Tiered storage - Mech + SSD in same pool or in separate pools?

SamM · Mar 13, 2019

Short version: Does it make any sense to add SSD mirror VDevs to mechanical drive mirrors? Is FreeNAS smart enough to put 'hot data' on the SSD portion of the pool and the rest of the data on the slower spindles; or do you only gain capacity in the pool by doing so? Is it better to have two pools, one mechanical and the other SSD, then sort what data goes to which pool manually via different (iSCSI to ESXi) shares?

My current setups tend to be a server with 12 mechanical 4Tb drives, 4 VDevs of 3-way mirrors for a rough capacity of 16Tb. My current test server has a 3-way mirror using the same 4Tb mechanical drives, with another 6 sitting unused to be able to play around with. This test server also has seven 1Tb SSDs, the thinking being 2 sets of 3-way mirrors plus one hot spare. The test server let me add a 3-way mirror SSD VDev to the existing 3-way mirror mechanical pool, but I'm not sure if I gain anything other than capacity by doing so.

Jessep · Mar 13, 2019

A pool will be treated as a uniform device.

There is no auto tiering in FN other than ARC or L2ARC (which you have to add manually), a SLOG isn't caching or tiering.
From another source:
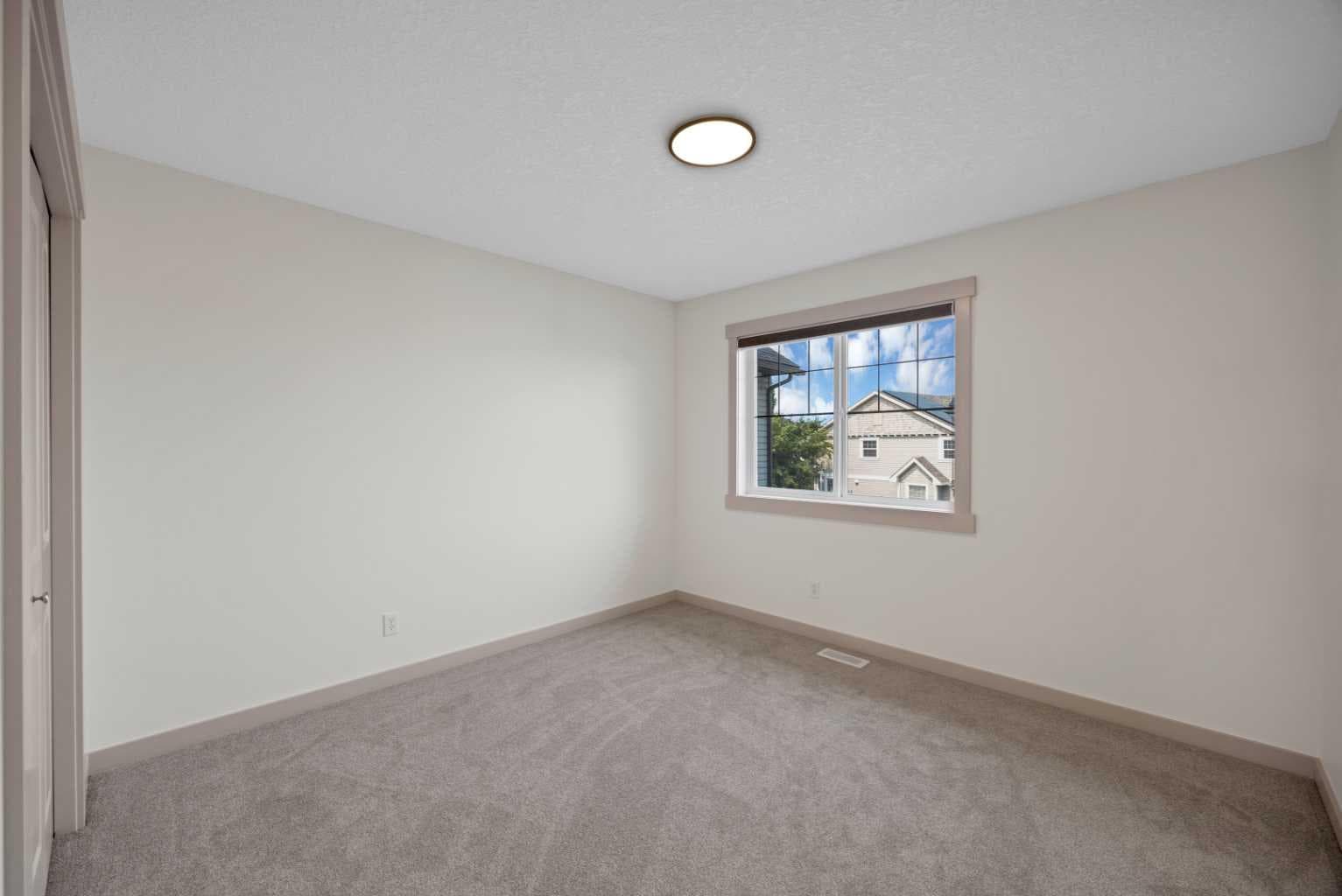 130 Panamount Road NW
Create a separate SSD pool and manually assign access

iSCSI will likely require mirrored SLOG for performance reasons.

JaimieV · Mar 14, 2019

Short answer: FreeNAS is not smart enough to migrate hot data to an SSD. All ZFS storage is just block storage of varying speeds, there's no disk-speed based autotiering. Before considering an SSD L2ARC, plan to up your RAM instead - this *is* used for primary cache to speed things up. There are posts around on when/why adding L2ARC (and ZIL and SLOG) are useful, and more importantly when they are not, go read around the topic because it's workload and hardware dependent.

Even shorter answer: Set yourself up a separate SSD pool and manually use it for SSD-type tasks.

jgreco · Mar 14, 2019

ZFS does support storage tiering in the form of L2ARC, but really that's about it.

If you want really lightning fast storage for your hot spots on HDD, there are two basic things to do:

1) For read, have sufficient ARC+L2ARC to cover the working set. So if your working set is 1TB of data out of 10TB total data, have at least 128GB main memory and a pair of 500GB SSD's. Ideally 256GB main memory. Your working set reads will *fly*. This does not actually cause "storage tiering" in the sense that it moves data off of the HDD and onto SSD, but the effect is basically the same, with the added advantage that you do not need RAID or mirroring for the SSD's, unlike a typical tiering solution. All data is always on the HDD in the pool. The stuff you use frequently is on SSD.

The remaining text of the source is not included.